On 22.02.2010 22:41, Janis Johnson wrote:
On Mon, 2010-02-22 at 13:11 -0800, Andrew Pinski wrote:
On Mon, Feb 22, 2010 at 1:06 PM, Janis Johnson<janis...@us.ibm.com> wrote:
If you can reproduce the problem with a small, self-contained test then
please file a bug report. It might be possible to issue a warning or
to detect that the loop should not be vectorized. If not, maybe the
compiler should disable vectorization for -fno-strict-aliasing.
It is not an aliasing issue but an alignment issue. Anyways this is
most likely the same as
http://gcc.gnu.org/bugzilla/show_bug.cgi?id=43009 .

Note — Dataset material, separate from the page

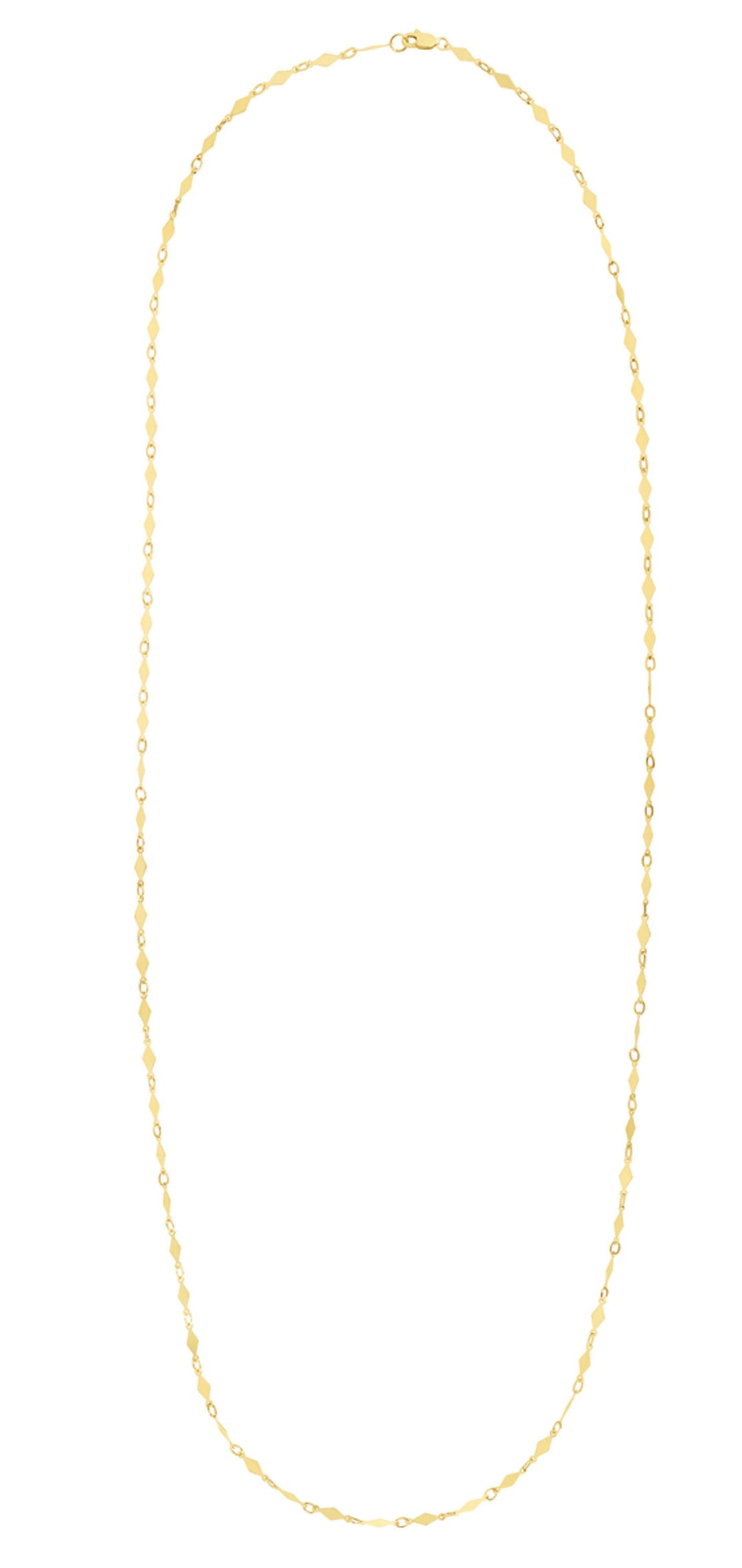 14K Gold Diamond Shape Mirror Chain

Yes, that's the problem I had in mind but I was thinking about an
explicit cast to a pointer to more-aligned data in the function that has
the vector loop. There's no way to warn about the undefined behavior
when the cast is in a different source file.
It's interesting that two reports of failure due to this same undefined
behavior come so close together.
I wonder if it might be feasible to have a flag which inserts code to
check for alignment assumptions and complain if they're not met, to
check for things like this.
(And then possibly to insert similar code for other assumptions gcc
makes that are fairly easy to check at runtime.)
Not alternate code paths, just something like an assert that the code
behaves like gcc feels justified in assuming it should, and the
programmer didn't do anything stupid - as long as it's fairly simple to
check, such as the actual alignment of a pointer or perhaps the actual
limit of a loop or some such; and as long as the assumption actually
influences code generation decisions.